Alamos Springs was originally a camping ground with good water on the Southern Emigrant Trail during the California Gold Rush. In 1853, squatters David Cline (or Kline) and William Moody, started a ranch at these springs that was described by Benjamin Ignatius Hayes who visited it on January 14–15, 1861:

Six miles brings us to the Willow Station. Cordially met by Mr. Clift, the road-agent. ... Mr. –––––, who was riding along in company, had started ahead to have supper ready, so when we arrived we had not long to wait. Rough supper, however; no coffee; beds on the floor. Moody is talkative, as four years ago; and kept on after he had gone to the next room; but Kline telling him I wished to sleep, he closed. A pretty good sleep before the fire; good to see once more an old-fashioned western chimney. Of course, travellers do not stay at any of the Overland Stations, unless in case of clear necessity.

Kline and Moody have been here 7 years, have 200 acres under fence. Report says they are worth $20,000, made here. They formerly raised grain, found it unprofitable; too far to market. They cut a great deal of hay every season; it is excellent; four kinds of clover, besides the pin-grass. Their stock in fine condition. Kline is from Pennsylvania. ... He settled here supposing it would turn out to be government land; in the uncertainty about this, he has not made any very valuable improvements. His tract is claimed by Don Luis Vignes, of Los Angeles, or his assignees.

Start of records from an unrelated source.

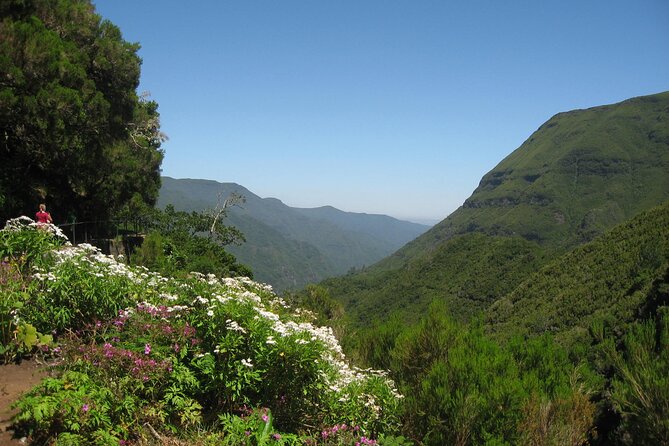 Private Madeira tour 8 people - What six to seven hours feels like on the island
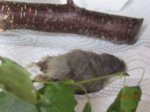 Merlin IMG_0718.JPG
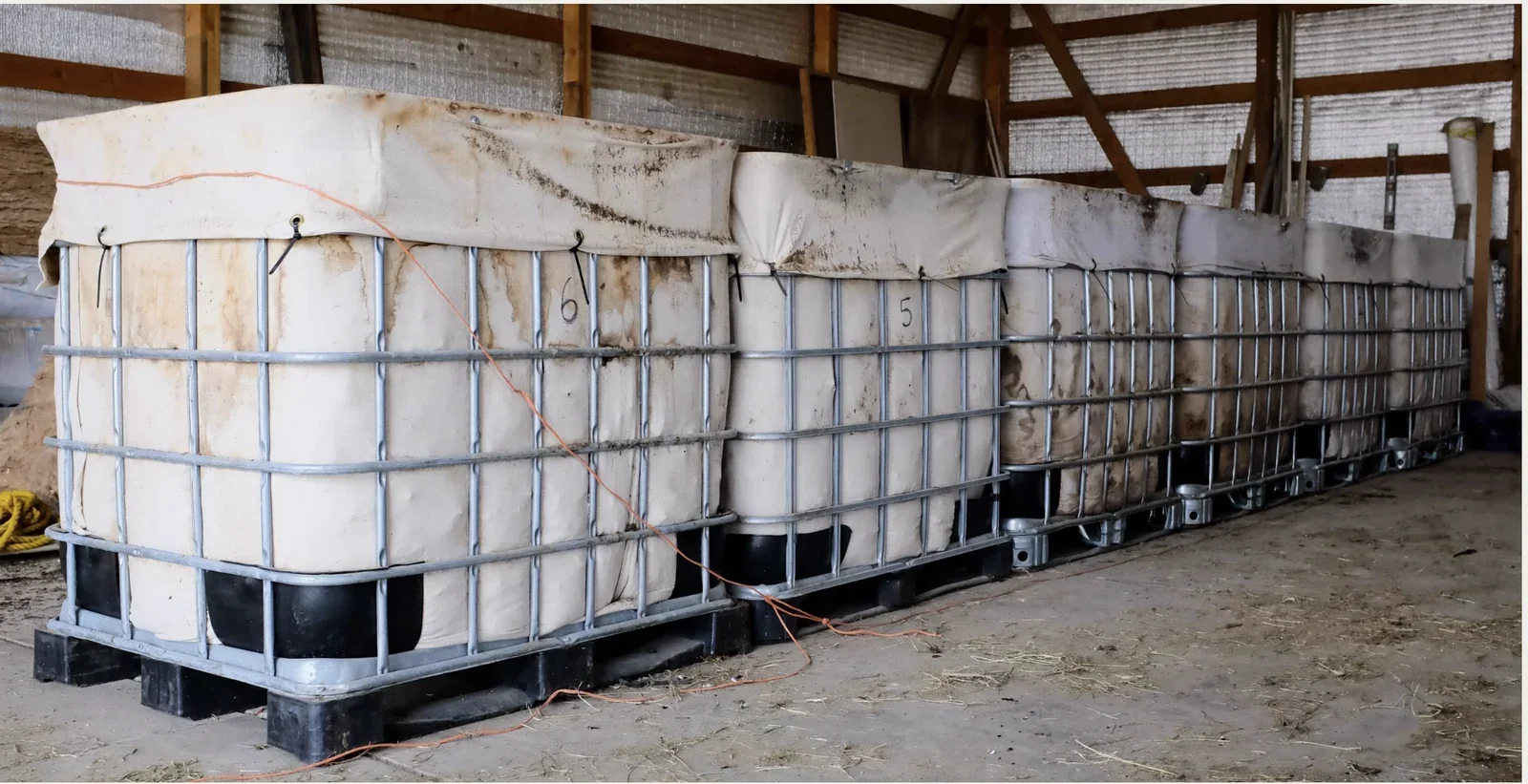 Row of large IBC tote bioreactors with fabric covers lined up on the dirt floor inside a wooden barn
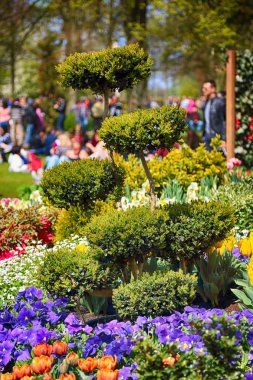 Keukenhof Bahçe, Lisse, Hollanda - 29 Nisan 2017: Dünyanın en büyük çiçek bahçeleri biridir. 7 milyonun üzerinde çiçek soğanı ve bir milyon ziyaretçi her yıl.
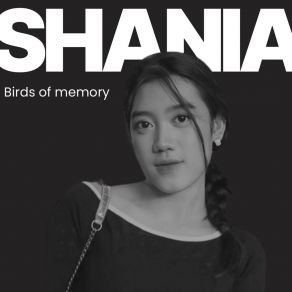 Birds Of Memory album cover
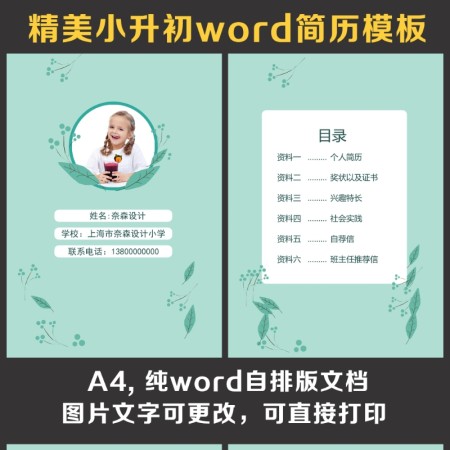 小升初简历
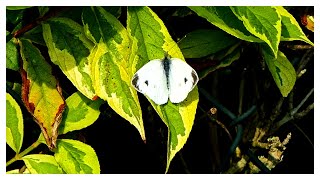 Pieris mannii der Karstweißling [upl. by Anitsud865]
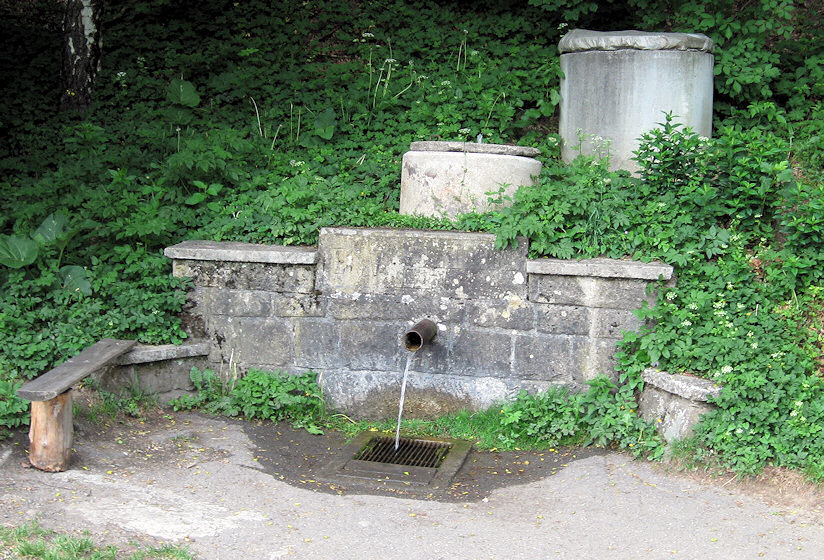 pramen Langrova studánka (1318) - květen 2009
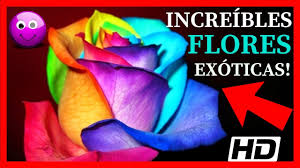 Yellowkorner, die referenz in kunstfotografie in limitierter & nummerierter edition! Las Flores Mas Hermosas Y Exoticas Del Mundo Top 18 Youtube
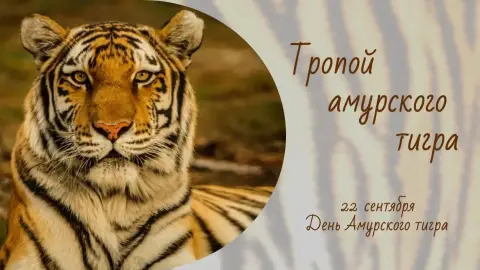 День амурского тигра — 29 июля международный день тигра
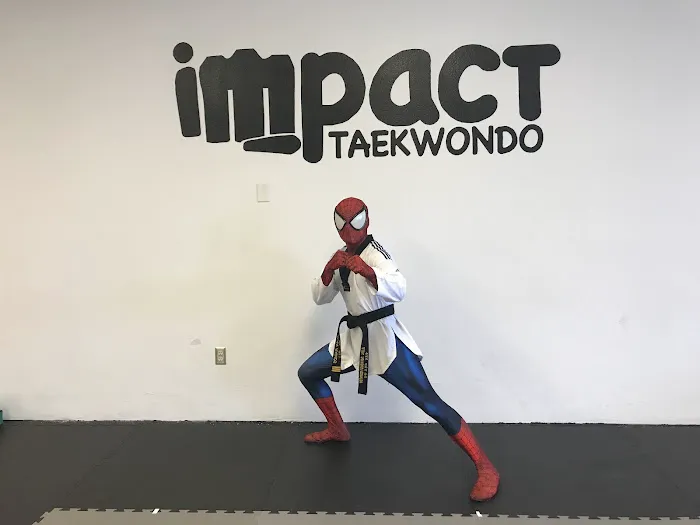 Impact Taekwondo Picture 10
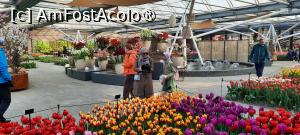 [P24] Grădinile Keukenhof, Pavilionul Willem-Alexander, cu nesfârșite lalele... » foto by mprofeanu
 - 
<span class="allrVoted glyphicon glyphicon-heart hidden" id="av1481584"></span>
<a class="m-l-10 hidden" id="sv1481584" onclick="voting_Foto_DelVot(,1481584,11516)" role="button">șterge vot <span class="glyphicon glyphicon-remove"></span></a>
<a id="v91481584" class=" c-red"  onclick="voting_Foto_SetVot(1481584)" role="button"><span class="glyphicon glyphicon-heart-empty"></span> <b>LIKE</b> = Votează poza</a> <img class="hidden"  id="f1481584W9" src="/imagini/loader.gif" border="0" /><span class="AjErrMes hidden" id="e1481584ErM"></span>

There is a trail from Temecula to San Juan. To San Bernardino from here, passing Agua Mansa if you choose, a first-rate road, with sufficient water and bunch-grass at this season, and indeed in summer, for the traveller. To Warner's Rancho from here the distance is 39 miles, according to the Overland Mail estimate; from Warner's to Fort Yuma 158 miles, to Gila City 18 miles further.

Standing on Kline's porch Mount San Bernardino looms up due north, San Jacinto more to the east, both very plain, and in this atmosphere seeming much nearer than they are.

From Kline's, passing a dozen huts belonging to the Indians within a common fence, (ground in cultivation), we begin in 4 or 5 miles to ascend gradually into the pass of Temecula mountain, ...

The station continued in use after the Overland Mail shut down, it remained in use during the American Civil War as a camp for Union Army troops. Company D, 2nd Cavalry, California Volunteers was described at the Post at Kline's Ranch in the Spring of 1862 by Lt. Col. Richard C. Drum in his report of his tour of inspection of forces in Southern California. With the grant of Rancho Temecula patented to Jean-Louis Vignes in 1860, Kline and Moody had failed to acquire title to the land and probably like many others lost their ranch during the Great Drought of 1863–64.

== The site today ==
Today the site is located within a business park near the present-day intersection of Cherry Avenue and Jefferson Avenue in Murrieta. To the south, in Temecula, some open land of the Kline's Ranch still remains as a flood control basin, near Santa Gertrudis Creek with Alamos, (Populus sect. Aigeiros) still growing along the old creek bed.